The Inner Guts of Bitbucket

By on August 11, 2014

Recently our teammate and Bitbucket engineer Erik Van Zijst had the opportunity to present at Euro Python 2014 in Berlin. Check out this video of his session on the Inner Guts of Bitbucket and get a detailed overview of our current architecture at all layers from Gunicorn and Django to Celery and HAProxy to NFS.

In addition to the inside scoop into Bitbucket’s inner workings, this video covers some war stories and shows how we too have to learn things the hard way sometimes.


  • Clive
    Posted August 12, 2014 at 7:36 am | Permalink

    “Sometimes we too have to learn the hard way”…? What you mean even brilliant, world-class and modest geniuses also have to learn the hard way?!

    • Radek
      Posted March 9, 2015 at 9:21 pm | Permalink

      I think he means you learn from your mistakes

  • Posted August 16, 2014 at 5:42 am | Permalink

    Thanks for the presentation. Very interesting to see how Bitbucket works. What’s the reason for running real hardware instead of virtual machines?

    • Anonymous
      Posted March 10, 2015 at 2:20 am | Permalink

      The only reason I see behind that is they omit the virtualization overhead to make things fastest. But that is just as far as I can see.

      • Posted March 10, 2015 at 6:09 am | Permalink

        I’m aware of the virtualisation overhead.

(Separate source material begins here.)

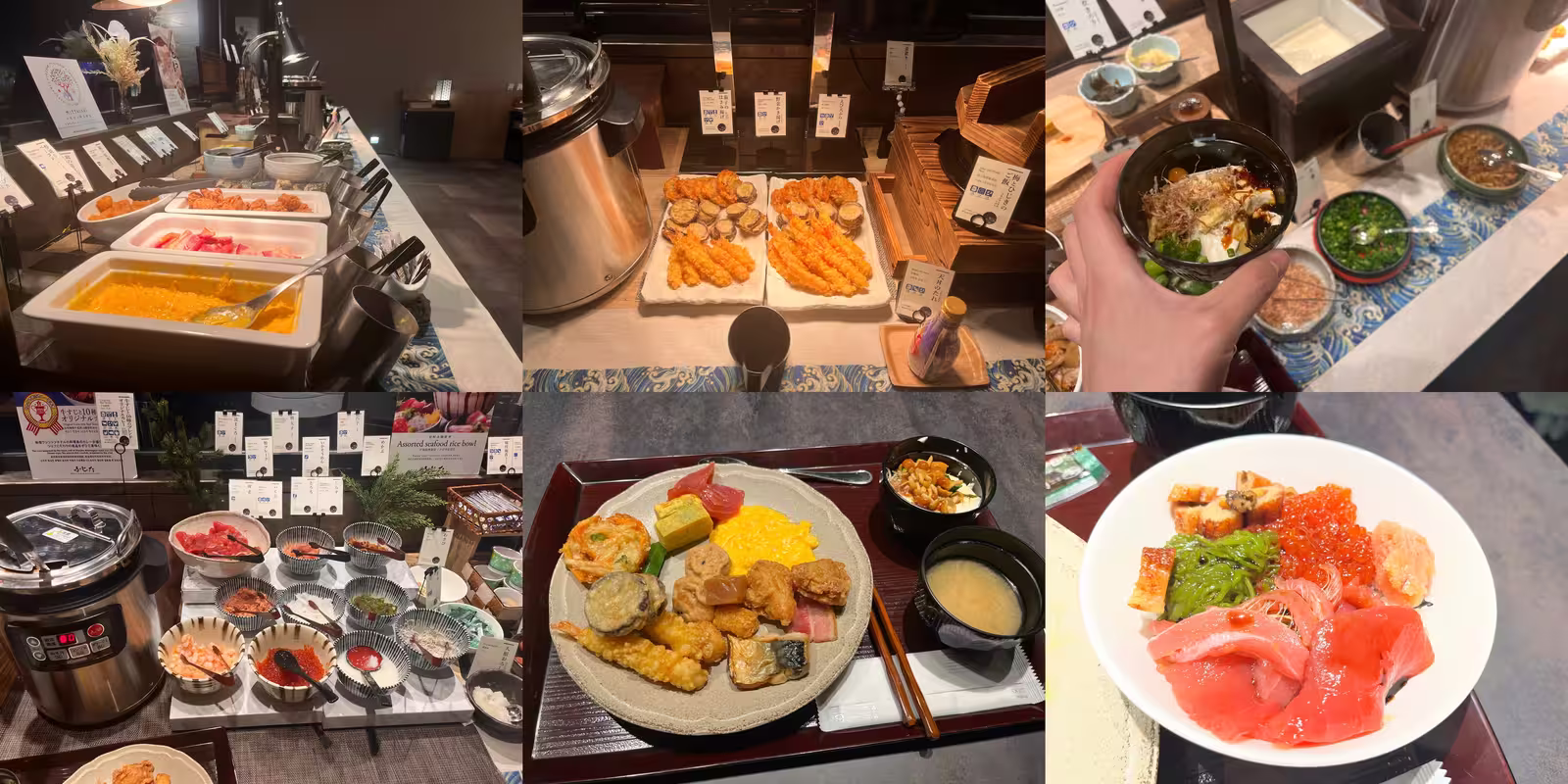 とても上品な朝食ビュッフェ。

But on the other side virtualisation makes the management of the infrastructure much easier.

        • Anonymous
          Posted March 10, 2015 at 6:16 am | Permalink

          There are times when you have to chose one over another, “right tool for the job”.That’s what I tried to suggest with my thought.

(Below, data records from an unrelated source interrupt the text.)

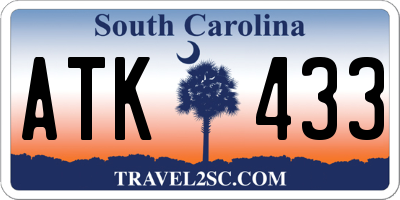 SC license plate ATK433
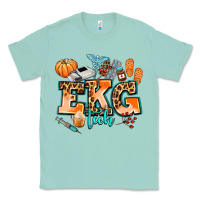 Seafoam ekg tech fall Classic Tee - AdoDesignShop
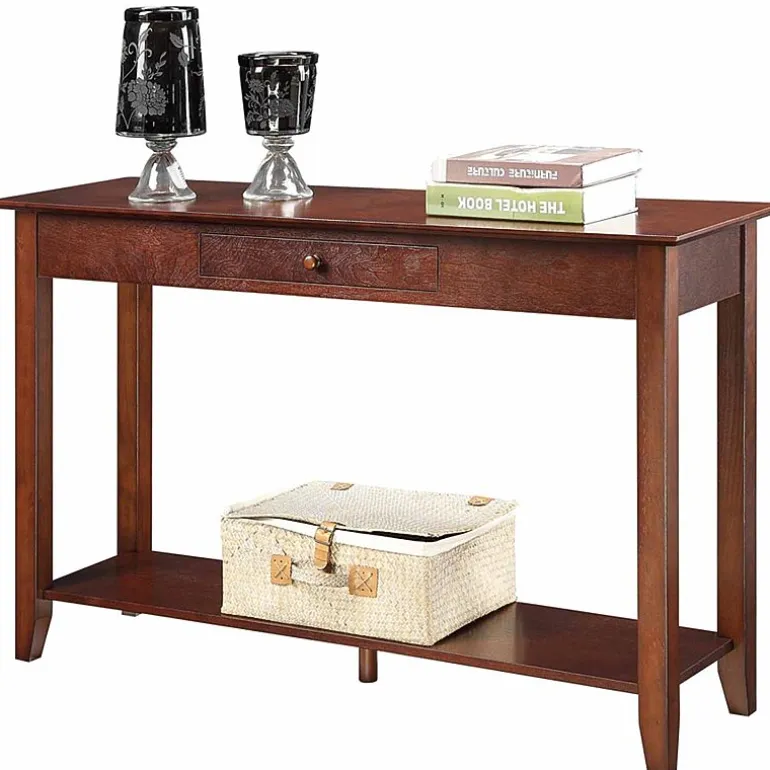 American Heritage 1 Drawer Console Table with Shelf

          • Posted March 10, 2015 at 11:08 am | Permalink

            That’s right! And since I know Docker I have another point of view. You can run Docker on bare metal. That’s the way in the middle. It’s dynamic and still faster than regular virtualisation.

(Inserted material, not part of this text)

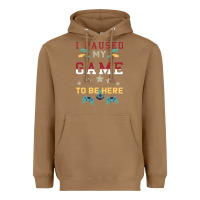Toasted Coconut I Paused My Game To Be Here Heavyweight Hoodie - Bettercallsaul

          • Erik van Zijst
            Posted March 10, 2015 at 11:15 pm | Permalink

            Bitbucket was founded in 2008 on EC2 and EBS. The switch to bare metal was made in 2010 when it joined Atlassian.

            At Atlassian we managed (and continue to manage) a lot of our own hardware and moving it on there (without virtualization) gave us a huge performance boost over EC2.

            Back then we only ran 4 machines, so managing things was a lot easier.

            These events all predate Docker, which we now use throughout Atlassian for all kinds of things and I could see Bitbucket going virtualized again at some point in the future.

          • Posted March 11, 2015 at 12:05 am | Permalink

            Thanks for the insights. I started VersionEye in 2012 on Heroku and after a couple months already everything slowed down and it become really expensive. 2013 I moved it to bare metal for the half of the price and the performance improved dramatically. Today (2015) it’s running on EC2 because of the Amazon Activate Programm. At a certain size it makes sense to own your hardware.

  • Jardel Weyrich
    Posted February 26, 2015 at 7:45 pm | Permalink

    Great presentation Erik! I like the simplicity of your architecture 😉

    Your cache solution to minimize the impact of bcrypt-ing passwords all the time seems reasonable, although, IMHO that does not seem to tackle the underlying problem – The password shouldn’t be used to authenticate multiple times in a short period, mainly if it’s an expensive operation. You partially solve that with API rate-limiting (which I think you already have) – a decorator backed by NoSQL would do. Sites rely on cookies & sessions, and REST APIs can too. But there’s another (similar) approach: Once an account is authenticated, you could hand the client a time-limited authentication token based on HMAC. From this point, the client can rely solely on this token to perform any operation that requires authentication, until it expires. You may implement a renewal process as well. Anyway, if a server gets compromised, the intruder can always modify the authentication API to log/save plaintext passwords. Can’t fight that.

    • Erik van Zijst
      Posted March 10, 2015 at 11:03 pm | Permalink

      > Once an account is authenticated, you could hand the client a time-limited authentication token based on HMAC.

      For sure!

      We’re actually rather behind the times with our reliance on basic auth for things like the API and we’re working on adding OAuth 2 based token authentication (we currently offer OAuth 1 which can be a little cumbersome to use for clients) as a cheaper and safer alternative to password-based authentication.